■ How to complete this task: Begin at the line containing "Upon reaching the" and restate it and each line after it exactly, up to and including the last line below. Leave pictures out.
Dataset excerpt START
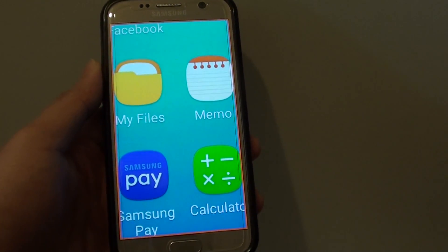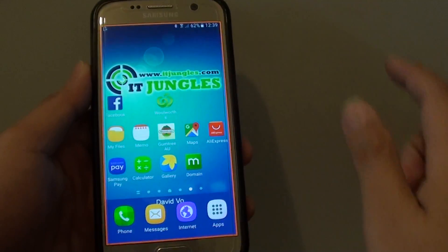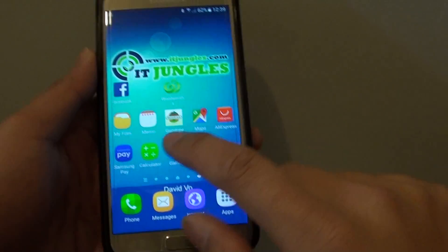How to quickly zoom in and out with magnification gestures on the Samsung Galaxy S7. You can see here I can quickly and easily zoom in and out of the screen by simply triple tapping on the screen.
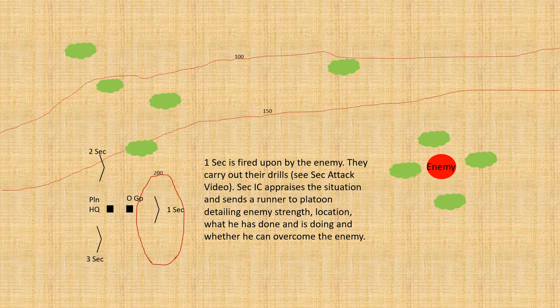Upon reaching the top of that hill the platoon is seen and observed by the enemy. One section is fired upon and makes out their immediate drills — see the section attack video for further understanding. The section commander appraises the situation, decides what he's going to do to overcome that enemy, starts returning fire, and sends a runner back to update the platoon commander. In this situation the enemy is in too much strength; he cannot complete his mission on his own, so he's going to need support from the rest of the platoon.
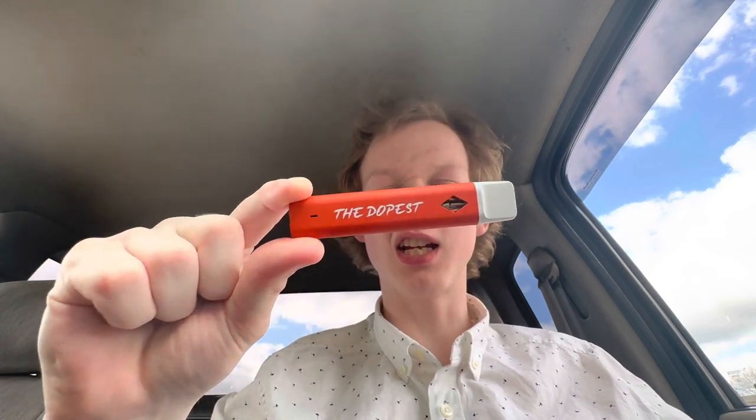This is the Dopest HHC Liquid Diamonds 2 Gram Disposable Vape from the Dopest, a.k.a. Dopizola. You guys already know the deal.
Dataset excerpt END
■ Response:
Upon reaching the top of that hill the platoon is seen and observed by the enemy. One section is fired upon and makes out their immediate drills — see the section attack video for further understanding. The section commander appraises the situation, decides what he's going to do to overcome that enemy, starts returning fire, and sends a runner back to update the platoon commander. In this situation the enemy is in too much strength; he cannot complete his mission on his own, so he's going to need support from the rest of the platoon.
This is the Dopest HHC Liquid Diamonds 2 Gram Disposable Vape from the Dopest, a.k.a. Dopizola. You guys already know the deal.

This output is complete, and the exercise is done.